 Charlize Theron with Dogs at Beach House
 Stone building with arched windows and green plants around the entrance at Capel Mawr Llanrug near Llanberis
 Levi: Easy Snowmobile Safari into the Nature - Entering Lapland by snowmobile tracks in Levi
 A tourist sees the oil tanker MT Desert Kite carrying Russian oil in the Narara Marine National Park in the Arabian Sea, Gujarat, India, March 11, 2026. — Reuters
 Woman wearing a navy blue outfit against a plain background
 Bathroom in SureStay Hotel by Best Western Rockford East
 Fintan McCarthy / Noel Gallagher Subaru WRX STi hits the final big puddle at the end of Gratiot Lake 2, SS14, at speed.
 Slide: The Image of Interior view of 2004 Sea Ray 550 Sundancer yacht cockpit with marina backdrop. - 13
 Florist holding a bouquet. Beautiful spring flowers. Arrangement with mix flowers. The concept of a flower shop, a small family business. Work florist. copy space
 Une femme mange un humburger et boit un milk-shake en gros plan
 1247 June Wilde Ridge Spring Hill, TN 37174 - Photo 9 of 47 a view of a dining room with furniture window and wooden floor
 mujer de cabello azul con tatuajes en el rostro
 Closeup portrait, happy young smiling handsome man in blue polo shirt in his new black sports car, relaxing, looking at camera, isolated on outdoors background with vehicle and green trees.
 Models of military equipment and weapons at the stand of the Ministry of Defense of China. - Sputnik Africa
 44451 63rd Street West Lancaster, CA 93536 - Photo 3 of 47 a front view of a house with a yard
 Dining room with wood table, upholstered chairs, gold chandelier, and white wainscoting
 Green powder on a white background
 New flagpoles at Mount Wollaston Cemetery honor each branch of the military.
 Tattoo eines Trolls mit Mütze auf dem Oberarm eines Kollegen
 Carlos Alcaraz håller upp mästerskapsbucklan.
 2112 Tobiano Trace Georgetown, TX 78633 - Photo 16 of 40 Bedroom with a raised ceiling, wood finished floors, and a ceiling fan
****************************************
**Work instruction:**
Return every line from the entries above that includes the word "view".

**Solution to the exercise:**
 Slide: The Image of Interior view of 2004 Sea Ray 550 Sundancer yacht cockpit with marina backdrop. - 13
 1247 June Wilde Ridge Spring Hill, TN 37174 - Photo 9 of 47 a view of a dining room with furniture window and wooden floor
 44451 63rd Street West Lancaster, CA 93536 - Photo 3 of 47 a front view of a house with a yard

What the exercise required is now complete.